# Precision Devices - One RTA



## Rob Fisher (31/5/18)

Another RTA I picked up in Stuttgart... Portuguese Maker. Precision Devices - One RTA. I had never heard of the company or the tank but it looked interesting... I didn't expect much and didn't take any pics while I was building it and it was a really simple build and wicking and I was up and running in no time at all.

Right away I was impressed with the air flow and the flavour of the One RTA. It has three different airflow holes and it's a wide open airflow to a restricted DL. Also nice and quiet.

This tank is in the top 5 right away... more on it after I have used it for a while.

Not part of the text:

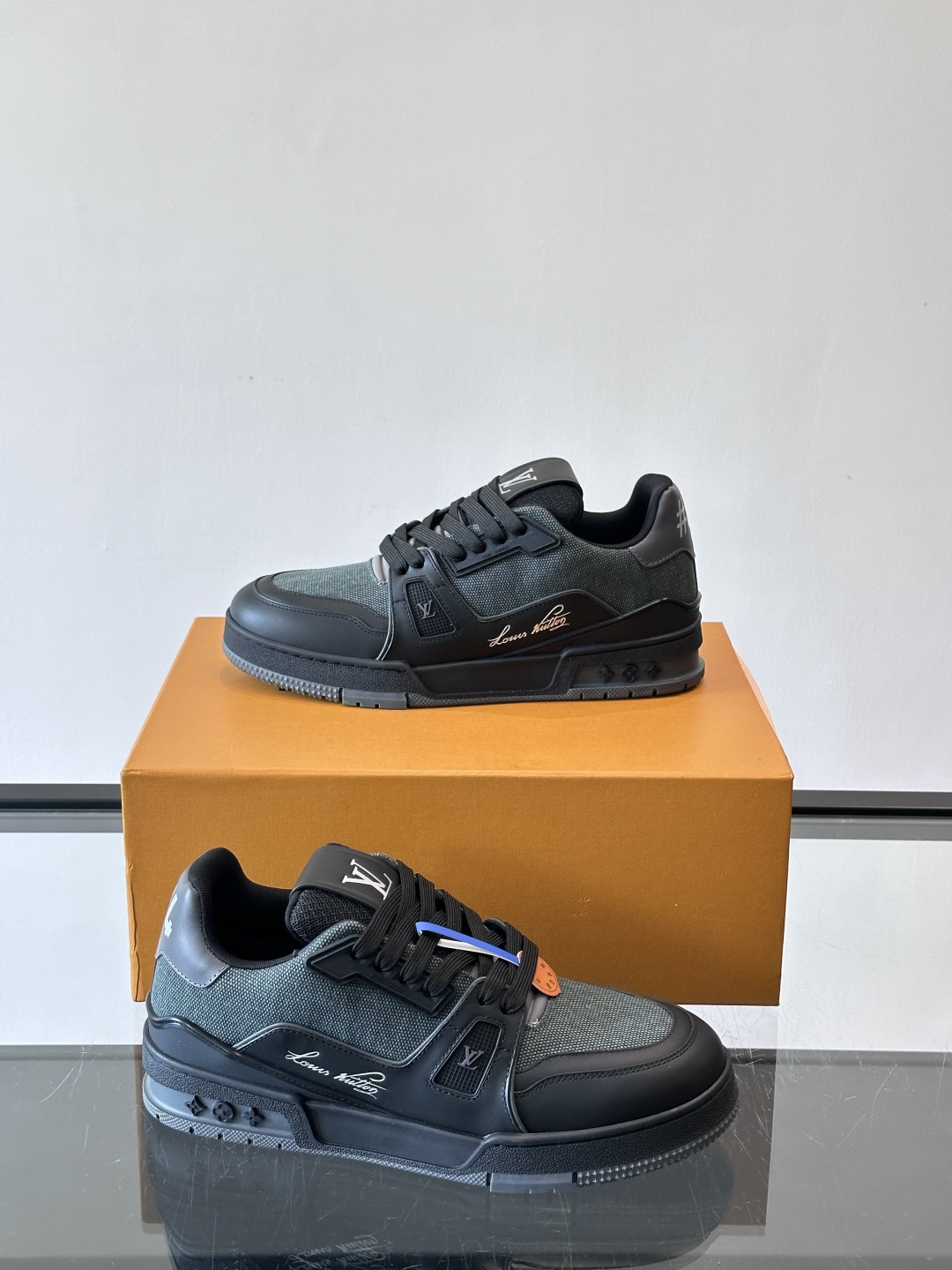 驴家 新配色 trainer运动鞋，本款 LV Trainer 运动鞋取材柔软粒面小牛皮，呈现纯净色调，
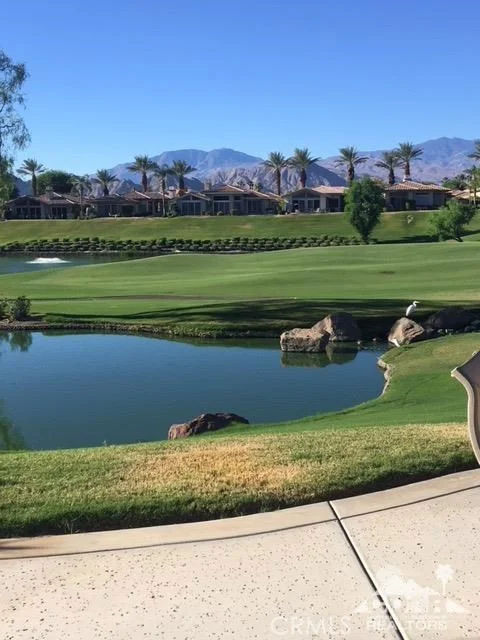 855 Red Arrow, Palm Desert, CA 92211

Reactions: Like 3 | Winner 3


----------



## Silver (31/5/18)

Looks great Rob!

Reactions: Like 1


----------



## Viper_SA (31/5/18)

That mod!

Reactions: Agree 2


----------



## Rob Fisher (31/5/18)

Finally found a review for the One RTA... I needed a review to work out what the juice flow story was! The review is spot on... outstanding flavour... but no way to shut off juice flow and leaking on refill! Fail.

Reactions: Informative 1


----------



## Rob Fisher (31/5/18)

Despite the crap with the leak on refill I find myself using the tank because the airflow and flavour are so good!

Reactions: Like 2


----------



## Silver (1/6/18)

Rob Fisher said:


> Finally found a review for the One RTA... I needed a review to work out what the juice flow story was! The review is spot on... outstanding flavour... but no way to shut off juice flow and leaking on refill! Fail.




Love the summary Rob - so I dont need to watch the video

Reactions: Like 1 | Agree 1


----------